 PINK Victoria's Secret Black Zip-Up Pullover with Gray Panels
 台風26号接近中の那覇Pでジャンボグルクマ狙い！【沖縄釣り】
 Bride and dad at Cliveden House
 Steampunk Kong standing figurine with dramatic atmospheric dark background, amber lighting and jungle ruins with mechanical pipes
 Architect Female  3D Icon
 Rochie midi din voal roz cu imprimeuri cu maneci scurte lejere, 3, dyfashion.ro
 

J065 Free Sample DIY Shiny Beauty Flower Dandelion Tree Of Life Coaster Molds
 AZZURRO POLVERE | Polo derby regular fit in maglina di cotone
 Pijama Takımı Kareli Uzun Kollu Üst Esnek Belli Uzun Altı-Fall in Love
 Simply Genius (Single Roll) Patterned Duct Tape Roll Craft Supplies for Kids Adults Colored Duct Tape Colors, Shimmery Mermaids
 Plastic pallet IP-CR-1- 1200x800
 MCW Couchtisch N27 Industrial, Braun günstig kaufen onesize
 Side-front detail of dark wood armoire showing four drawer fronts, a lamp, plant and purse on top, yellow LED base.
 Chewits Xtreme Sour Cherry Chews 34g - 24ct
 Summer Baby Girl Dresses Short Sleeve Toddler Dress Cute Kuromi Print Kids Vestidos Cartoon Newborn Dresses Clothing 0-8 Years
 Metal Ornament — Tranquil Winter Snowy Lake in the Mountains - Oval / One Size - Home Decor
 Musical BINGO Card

----

_ABOUT THIS TASK_:
Restate word for word the lines of the data above, starting at the line containing "Pijama Takımı Kareli" and ending at the line containing "Summer Baby Girl", both included, and nothing more.

_THE COMPLETED TASK_:
 Pijama Takımı Kareli Uzun Kollu Üst Esnek Belli Uzun Altı-Fall in Love
 Simply Genius (Single Roll) Patterned Duct Tape Roll Craft Supplies for Kids Adults Colored Duct Tape Colors, Shimmery Mermaids
 Plastic pallet IP-CR-1- 1200x800
 MCW Couchtisch N27 Industrial, Braun günstig kaufen onesize
 Side-front detail of dark wood armoire showing four drawer fronts, a lamp, plant and purse on top, yellow LED base.
 Chewits Xtreme Sour Cherry Chews 34g - 24ct
 Summer Baby Girl Dresses Short Sleeve Toddler Dress Cute Kuromi Print Kids Vestidos Cartoon Newborn Dresses Clothing 0-8 Years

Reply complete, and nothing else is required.